**Problem**
Return the listing below unchanged, except that the pictures are dropped.

**Collected data**

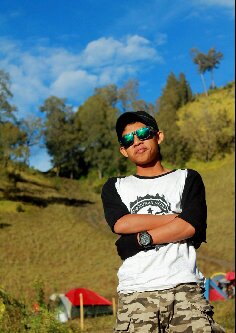 Sang mualaf twitter penghasut para remaja untuk kesenangan . Guitar @Aura Binal | Owner ABshop | kampreds record | Rocker sayap kiri production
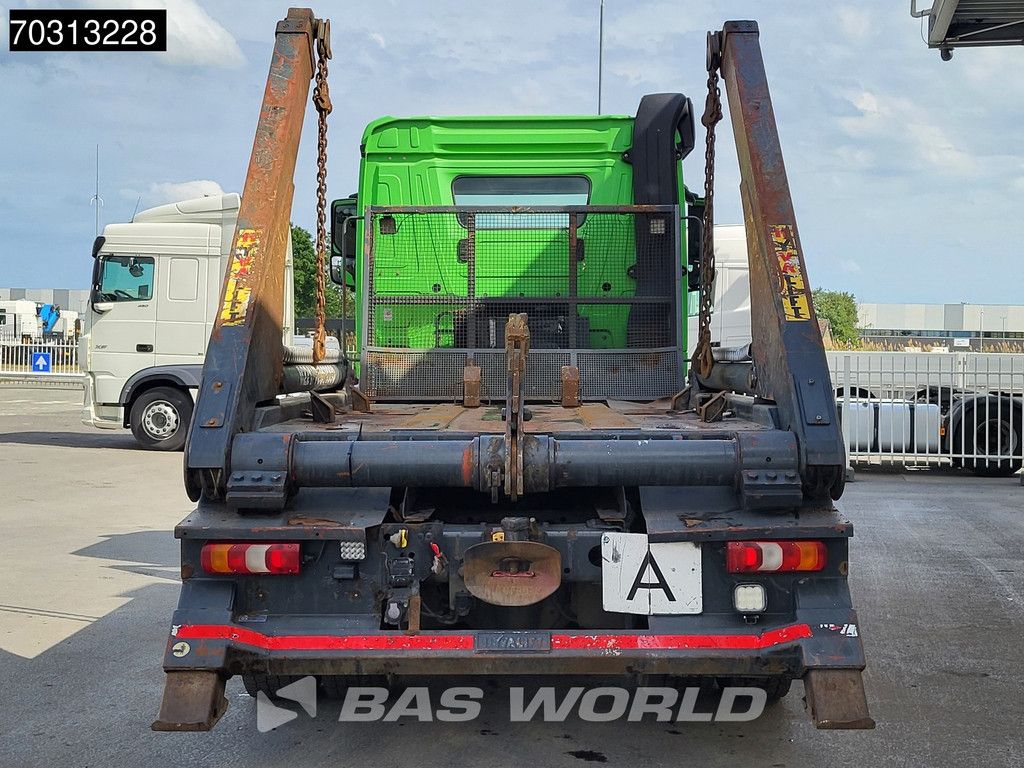 Mercedes Antos Antos 1843 4X2 14 tons Hyvalift skiploader Automatic Euro 6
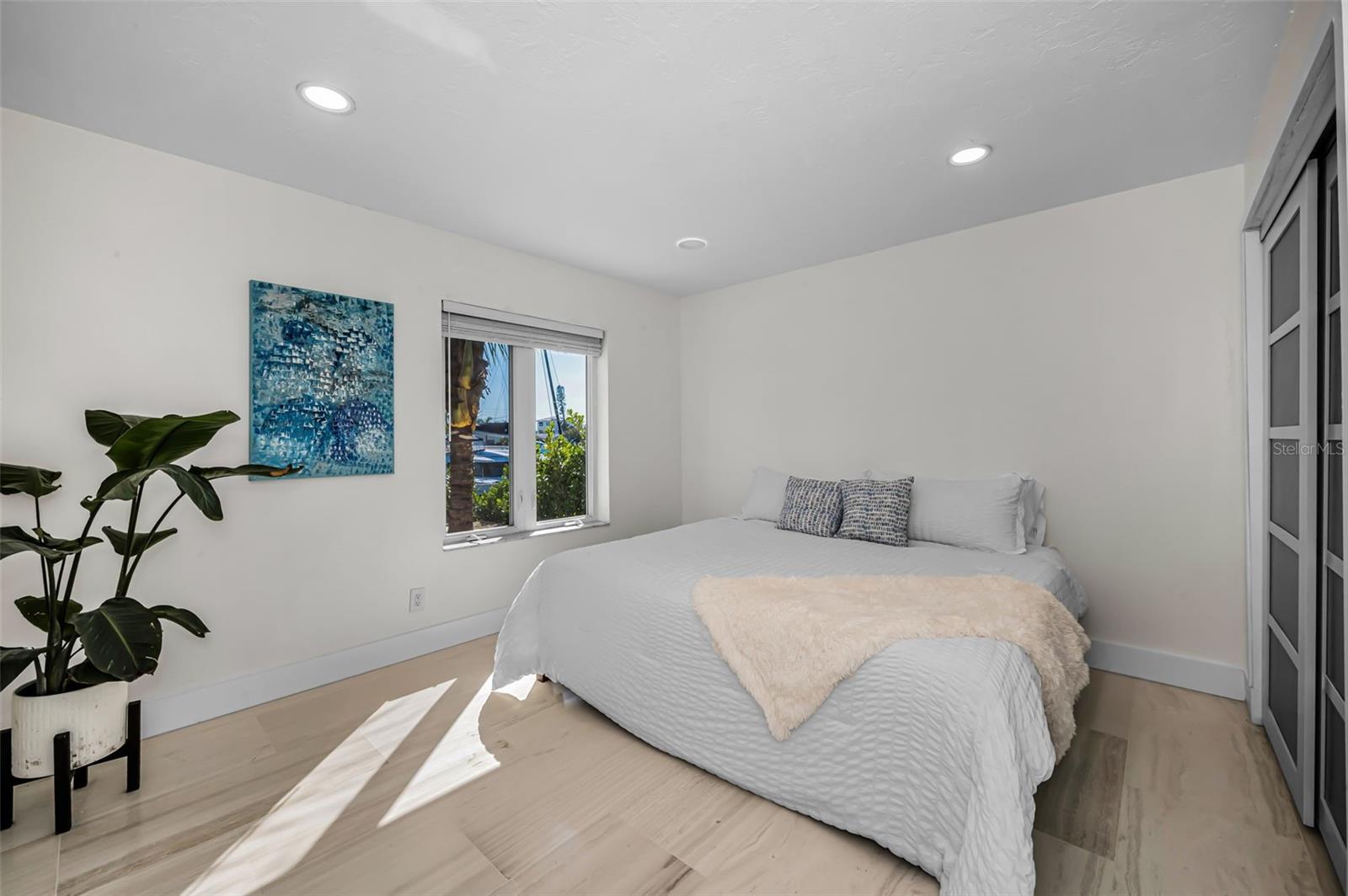 Image 27 of 52 For 755 116th Avenue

**Answer box**
 Sang mualaf twitter penghasut para remaja untuk kesenangan . Guitar @Aura Binal | Owner ABshop | kampreds record | Rocker sayap kiri production
 Mercedes Antos Antos 1843 4X2 14 tons Hyvalift skiploader Automatic Euro 6
 Image 27 of 52 For 755 116th Avenue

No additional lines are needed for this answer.